Task description: Exact reproduction of the data is required, with images excluded.

Collected data:
-- Opening Marker --

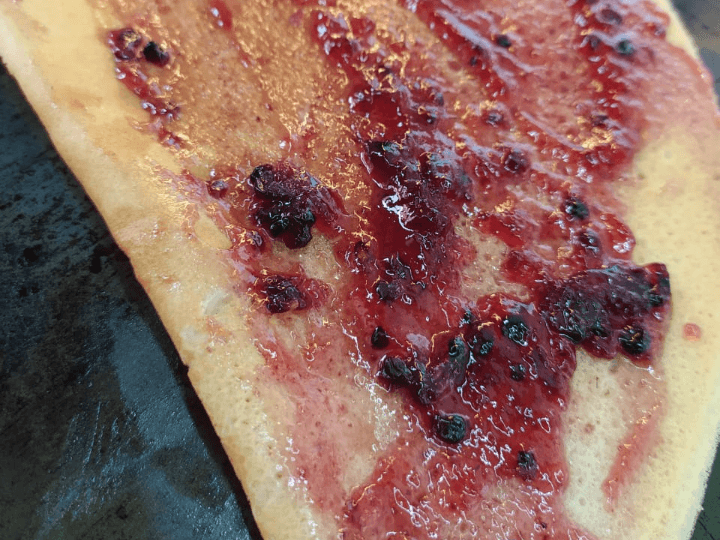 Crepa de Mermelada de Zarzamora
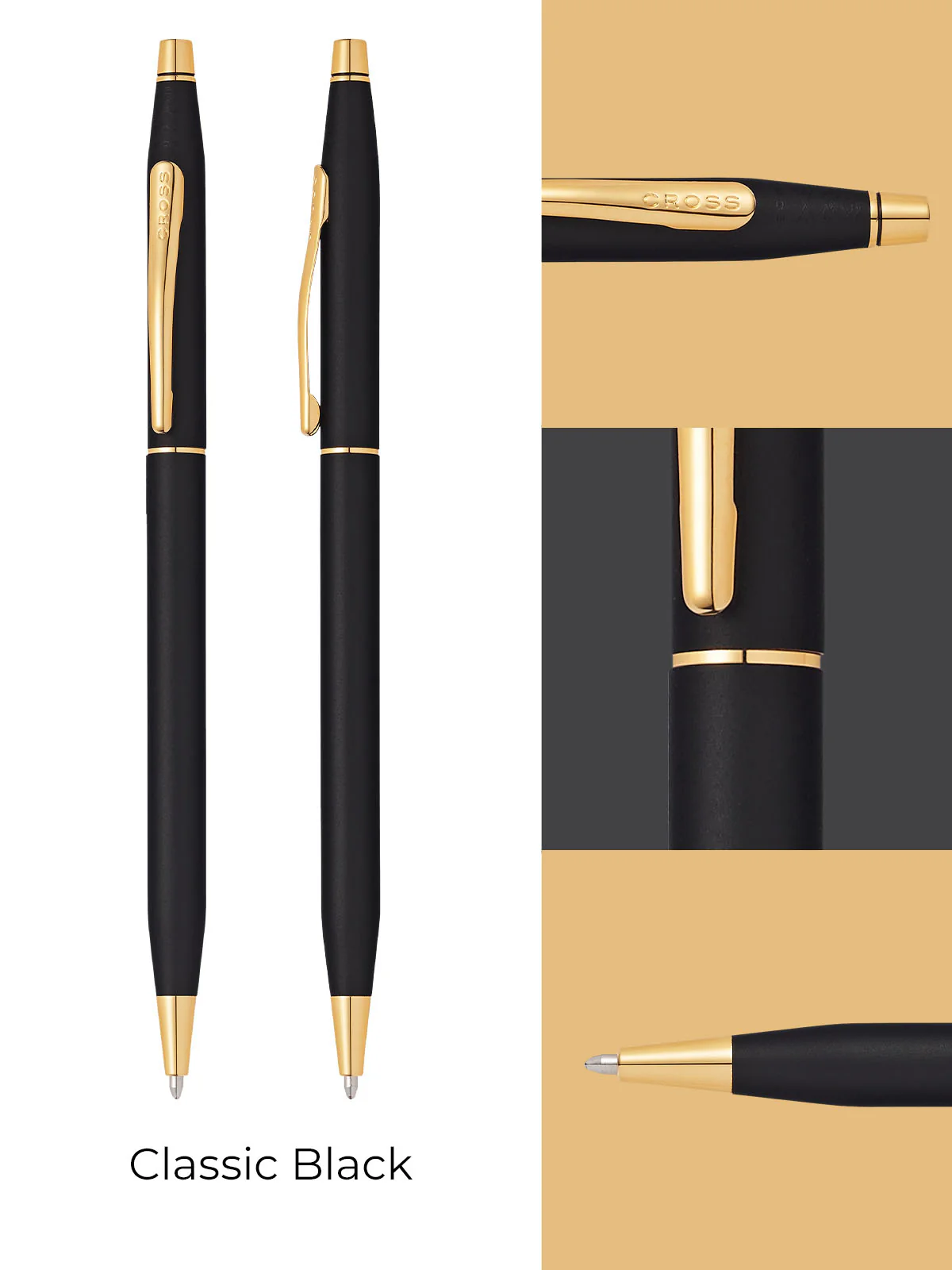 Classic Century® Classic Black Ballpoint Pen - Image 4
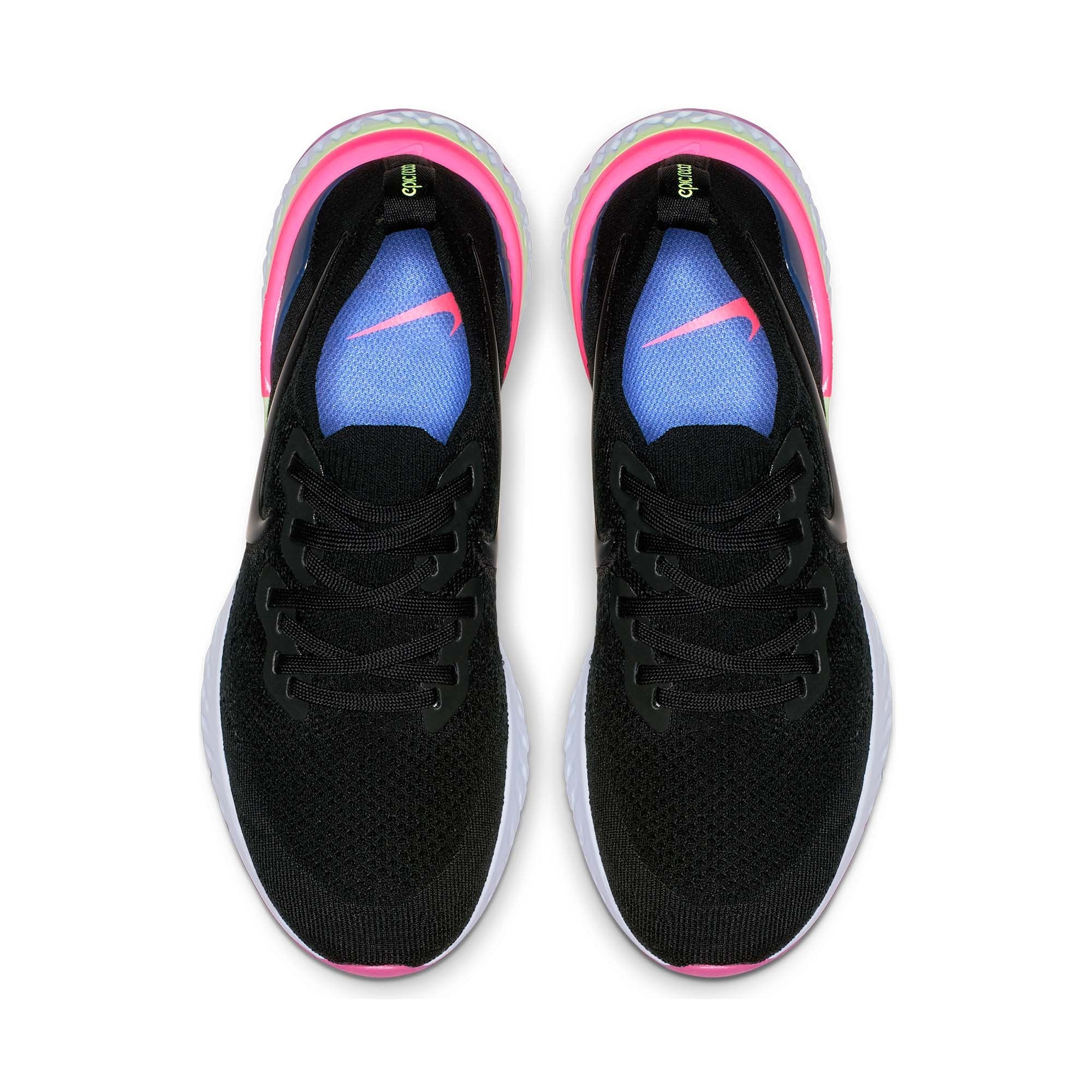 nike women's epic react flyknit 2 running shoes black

-- Closing Marker --

Answer to this exercise:
 Crepa de Mermelada de Zarzamora
 Classic Century® Classic Black Ballpoint Pen - Image 4
 nike women's epic react flyknit 2 running shoes black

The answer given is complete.